Thanks, Dr. Leman, but sometimes I don’t feel I can wait until Friday to put an end to the cold distance and eye-rolling of a fifteen-year-old.
If you parent a teenager, you know how a cold shoulder from your own flesh and blood can cloud the brightest of days and weigh your spirit down with feelings of sadness, guilt and downright misery. And you’ll do anything to bring it to an end.
Or will you?
Recently I found myself exasperated with one of my teenagers. Veins popped out of my neck as I barked in her face until the phone rang; it was a call from a member of our church congregation. I answered the phone and heard my voice change as quickly as the click of a remote control. The lady must have thought I was the sweetest thing on the planet.
My daughter observed it all and I could read her mind: If only she knew. A while later I made the journey to the bedroom where my daughter was hiding away. I knocked softly and was granted entrance. I sat before her, took her hands, and said, “I want you to know that there is something wrong when I speak to you differently from the way I speak to people at church. I was wrong, and I am sorry. I want to work on that.”

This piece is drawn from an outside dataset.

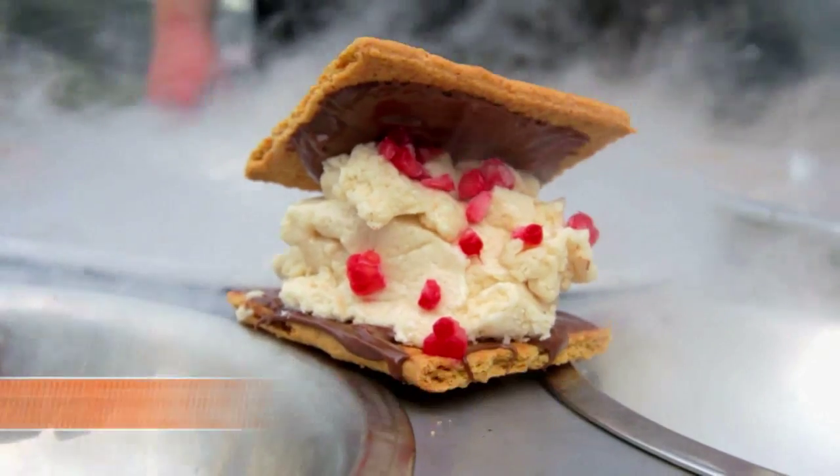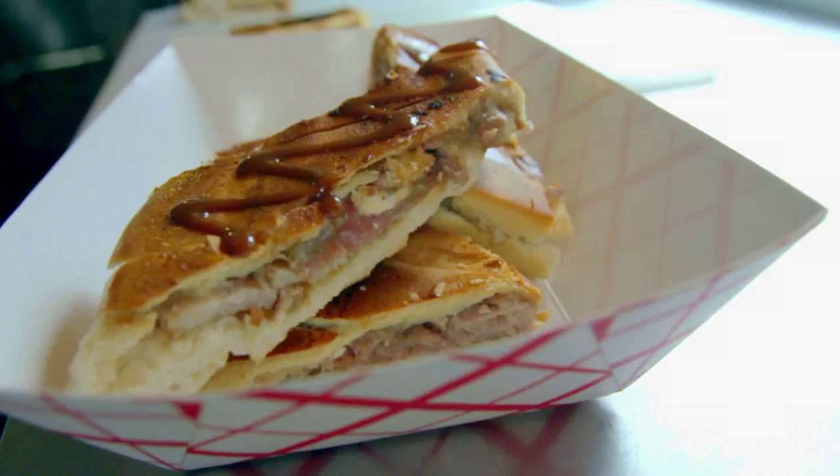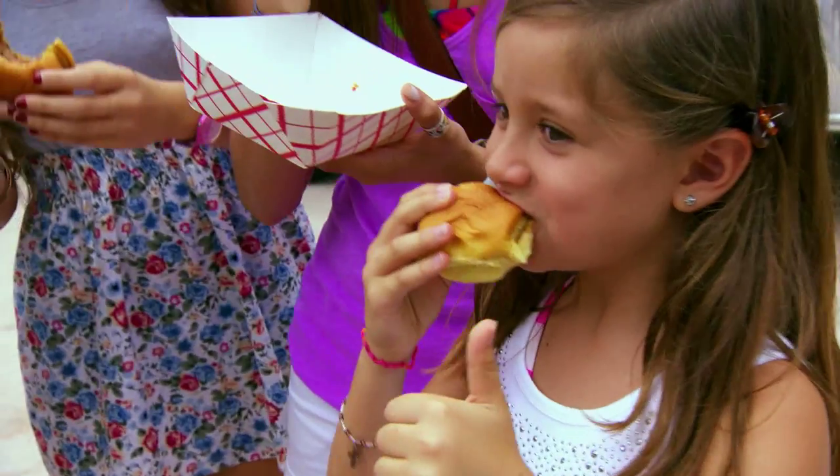Here we are street side making our nitro s'more. It looks fantastic. We wanted to take what you would perceive as street food and put it into our own style. We love Gastropod!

And then I forced a painful lump of words through my throat:
“Will you forgive me?”
She did, and I had a new teenager in five minutes. Warmth flooded in where there’d been icy separation.
Due to my own insecurities and those places in my soul that God is still in the process of redeeming, there are times I feel one inch tall, depending on whom I’m around. In the company of well-meaning but sometimes condescending individuals, I am the world’s biggest klutz, am guaranteed to do or say something stupid, and have a brain the size of a pea.
While I was feeling that way recently, my other teenager happened to be in “impossible mode.” As usual, I was at a loss as to how to get her out of it, and was also dealing with my own aforementioned anxiety. In a quiet moment, I felt as if God spoke to me: You should understand the way she feels. A light came on quick enough to send me running to her side with this confession:
“I think God is telling me something about our relationship. I make you feel like you can’t do anything right, don’t I?” (Instant tears.) “My condescending tone makes you feel very small and guaranteed to get into trouble, doesn’t it?” (Flowing tears.)
I hugged her and fully owned my garbage. And again, I had a new teenager in five minutes.
I don’t mean to simplify something that in many cases is much more complicated than I can understand. Some teenagers have issues too deep for a five-minute apology. But I do know one thing:
We cannot afford to undervalue the power of uttering what I believe are the ten most difficult, yet most rewarding words in a relationship:
I’m sorry. I was wrong. Will you please forgive me?